[Dataset entries]
┄┄┄┄┄┄
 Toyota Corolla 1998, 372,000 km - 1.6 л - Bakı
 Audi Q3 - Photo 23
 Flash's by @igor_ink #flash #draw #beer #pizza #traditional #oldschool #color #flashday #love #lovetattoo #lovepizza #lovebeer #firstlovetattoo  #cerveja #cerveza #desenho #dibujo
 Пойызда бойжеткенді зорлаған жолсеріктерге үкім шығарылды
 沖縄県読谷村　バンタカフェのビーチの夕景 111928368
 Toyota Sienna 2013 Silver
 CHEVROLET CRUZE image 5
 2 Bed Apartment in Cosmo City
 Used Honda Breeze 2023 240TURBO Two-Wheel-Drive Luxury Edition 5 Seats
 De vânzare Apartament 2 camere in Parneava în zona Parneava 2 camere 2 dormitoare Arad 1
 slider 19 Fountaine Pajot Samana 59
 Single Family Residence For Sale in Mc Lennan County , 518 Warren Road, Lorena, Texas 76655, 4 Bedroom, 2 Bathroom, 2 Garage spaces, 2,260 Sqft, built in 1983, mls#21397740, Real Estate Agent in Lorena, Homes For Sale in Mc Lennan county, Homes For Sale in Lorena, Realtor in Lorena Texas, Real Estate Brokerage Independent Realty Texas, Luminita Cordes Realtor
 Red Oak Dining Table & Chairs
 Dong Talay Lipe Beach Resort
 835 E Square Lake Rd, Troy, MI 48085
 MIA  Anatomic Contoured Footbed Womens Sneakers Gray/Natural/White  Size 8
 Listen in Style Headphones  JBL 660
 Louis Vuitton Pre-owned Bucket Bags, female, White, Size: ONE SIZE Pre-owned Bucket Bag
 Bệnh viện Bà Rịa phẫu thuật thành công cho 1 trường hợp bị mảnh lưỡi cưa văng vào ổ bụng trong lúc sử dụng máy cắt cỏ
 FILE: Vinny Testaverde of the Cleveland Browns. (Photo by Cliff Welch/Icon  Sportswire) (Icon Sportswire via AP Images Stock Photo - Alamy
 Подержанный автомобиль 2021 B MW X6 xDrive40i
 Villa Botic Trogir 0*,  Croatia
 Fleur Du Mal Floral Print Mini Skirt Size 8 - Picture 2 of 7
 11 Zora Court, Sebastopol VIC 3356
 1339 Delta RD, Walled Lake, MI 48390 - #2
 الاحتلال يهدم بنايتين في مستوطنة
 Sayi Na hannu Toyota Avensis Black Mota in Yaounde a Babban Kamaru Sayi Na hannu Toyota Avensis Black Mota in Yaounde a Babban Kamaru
┄┄┄┄┄┄
_TRY IT_
Write out each line exactly, starting with the line that contains "Louis Vuitton Pre-owned" and stopping after the last line of the data.

_TASK OUTPUT_
 Louis Vuitton Pre-owned Bucket Bags, female, White, Size: ONE SIZE Pre-owned Bucket Bag
 Bệnh viện Bà Rịa phẫu thuật thành công cho 1 trường hợp bị mảnh lưỡi cưa văng vào ổ bụng trong lúc sử dụng máy cắt cỏ
 FILE: Vinny Testaverde of the Cleveland Browns. (Photo by Cliff Welch/Icon  Sportswire) (Icon Sportswire via AP Images Stock Photo - Alamy
 Подержанный автомобиль 2021 B MW X6 xDrive40i
 Villa Botic Trogir 0*,  Croatia
 Fleur Du Mal Floral Print Mini Skirt Size 8 - Picture 2 of 7
 11 Zora Court, Sebastopol VIC 3356
 1339 Delta RD, Walled Lake, MI 48390 - #2
 الاحتلال يهدم بنايتين في مستوطنة
 Sayi Na hannu Toyota Avensis Black Mota in Yaounde a Babban Kamaru Sayi Na hannu Toyota Avensis Black Mota in Yaounde a Babban Kamaru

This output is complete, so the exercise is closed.